Soul Butter: GravyBrain? Soul Butter? It’s enough to make you funking hungry. These young gents carry on the tradition of Chico bands of yore—the Mother Hips, Electric Circus—giving audiences something to dance to, but always with an ear for songcraft. It’s undeniably Chico, without the fear of being buried under a big, scary extended jam.

Swamp Zen: Swamp Zen are to flip-flops and tie-dye shirts what the Ramones were to leather jackets and ripped jeans. Uniforms aside, ringleader Doug Stein has been at it as long as … well, as long as one of those extended jams that gets the oldsters and young honeys twirling in the grass.

Electronic (Producer)

Billy the Robot: Not actually a robot, nor named Billy, the artist also known as MANIC ONE has been manning the ones and twos for nearly two decades. He probably has an incredible record collection. BtR is known for his mashups, often combining hip-hop with dance music from the ’80s and ’90s. He’s also a world-class vocalist while showering. Don’t ask how we know that.
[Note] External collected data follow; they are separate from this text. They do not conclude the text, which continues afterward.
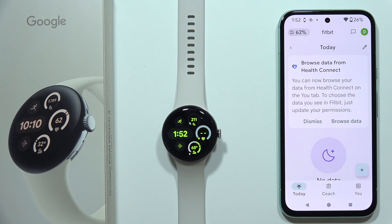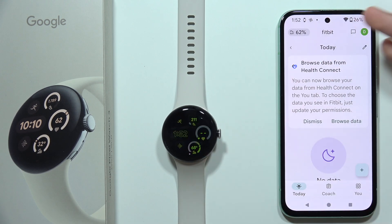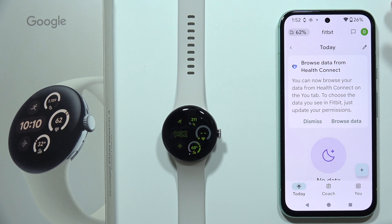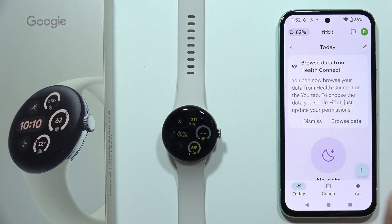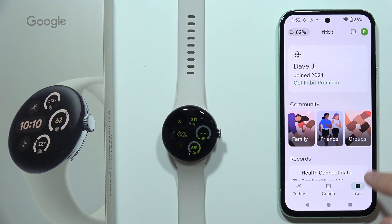To activate AFib notifications from your Google Pixel Watch 3, you will first have to open the Fitbit application on your phone and go to the 'You' tab in the right bottom corner.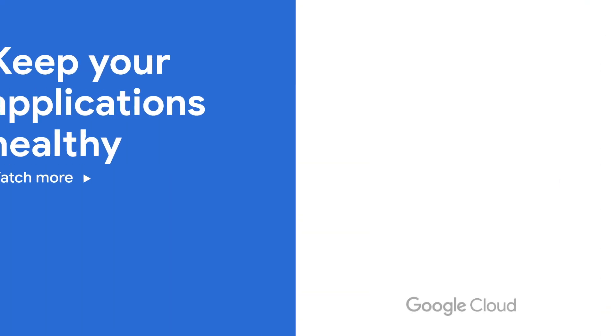Thanks for watching, and come back soon for more. This is the Stack Doctor. Stay healthy out there.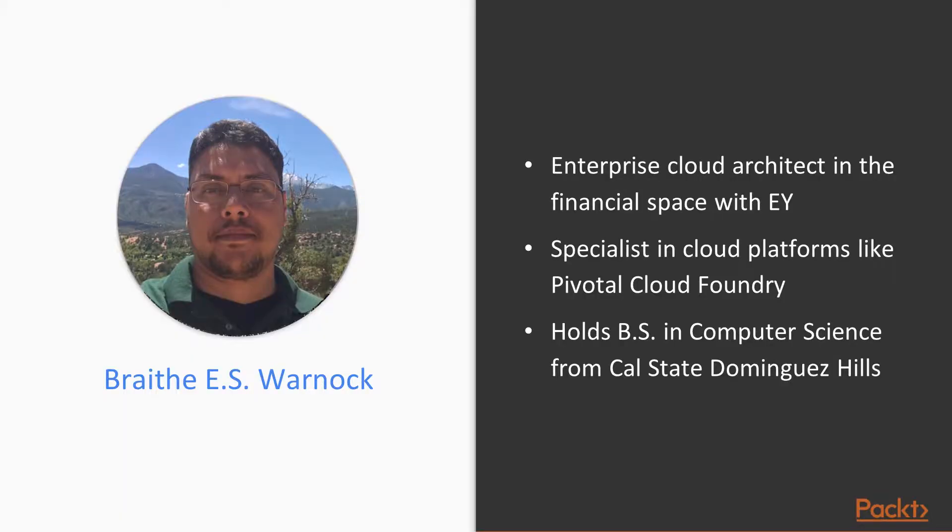So I'm an enterprise cloud architect at Ernst & Young in the financial space. I'm part of the financial services organization within EY, part of the digital team. And by practice, I'm a software architect, solutions architect, all sorts of architect. I do pretty much everything, data architecture, platform architecture, you name it.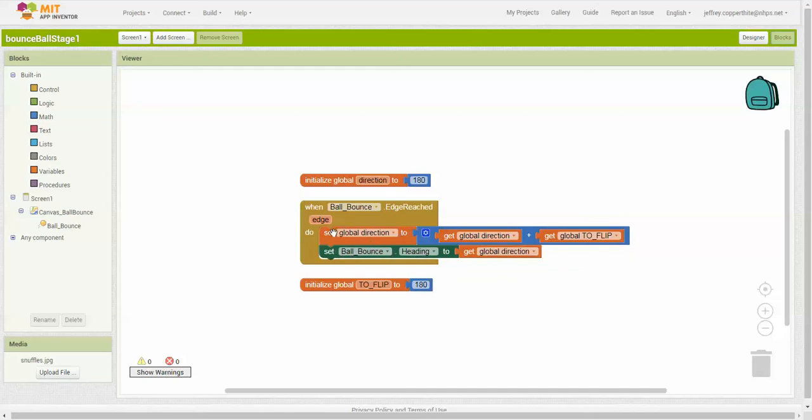But over above here, it says set global direction to get global direction plus get global flip, global to flip, right? So it actually is changing, especially if you live test this, you'll see that the ball does change direction on your screen. So obviously, this is not something that's set, okay? It's something that does change. So global, initialized global, is a most recent variable. It's something that is changed.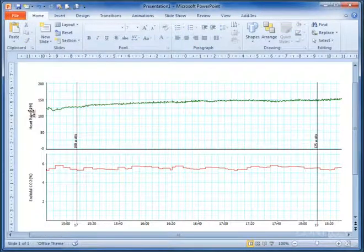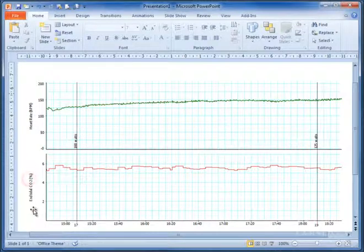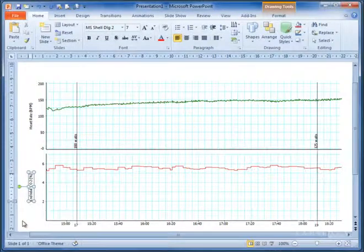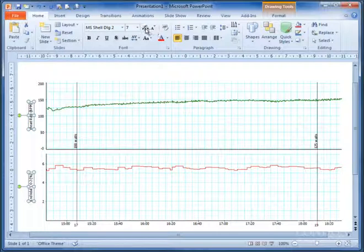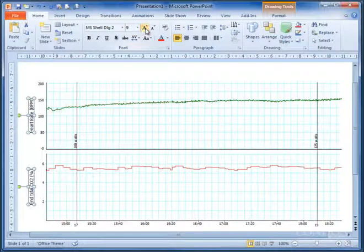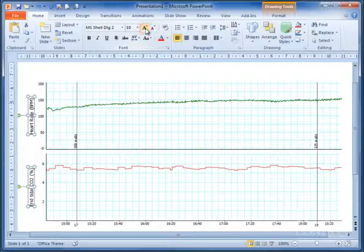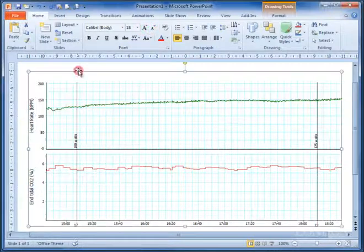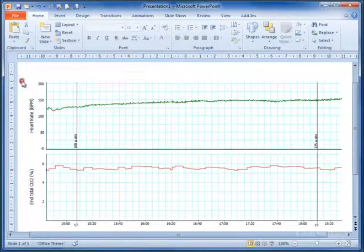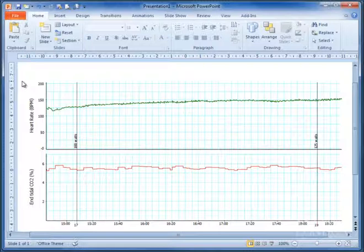We may want the heart rate and the end tidal CO2 to be slightly bigger. So we can select both of those, and we can use PowerPoint to increase the font size. That's about right. So that's increased the font size there. That looks nice. I'm quite pleased with that.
Kezwik: I assume this 16-year-old prodigy is for DJs what Doogie Howser was for doctors. Specializing in dubstep, Kezwik is all about keeping the party lively—of course, only if the party includes cookies and milk and other wholesome fare for the under-21 set. Musically speaking, however, Kezwik is like a Jaeger Bomb.

Symbio: A DJ for all occasions, Symbio keeps things light early on and gets crunk-freaky during the small hours going heavy on the tech- and acid-house. He also looks to pioneers like New Order and Skinny Puppy for inspiration, which tells us he knows his stuff.

Electronic (DJ)

DJ Whitlock: “Slaying dance floors with bass and lasers on sight,” is how Matt Whitlock describes his show. Sounds like a Red Bull and vodka kind of night, eh? DJ Whitlock knows how to work a room, and is well-versed in house, electro, moombahton and anything else that sounds like it might involve massive bass rattling your gray matter.

Eyere Eyes: Atmospheric and creepy. Bass is only part of the equation, an equation that probably also includes a lot of ones and zeros. The rest is a swirl of odd bleeps and bloops with occasional string samples thrown in the mix. Sounds like a slow and methodical robot attack.

Simple Science: Metallic beats with a heart of rock ’n’ roll, Billy Hopkins—aka Simple Science—creates a sound he’s dubbed “rocktronic.” I suspect if this kid can bring rock and drum and bass together, he could potentially bring warring factions to peace. Besides, we can all agree that a drum machine has more personality than Mitt Romney.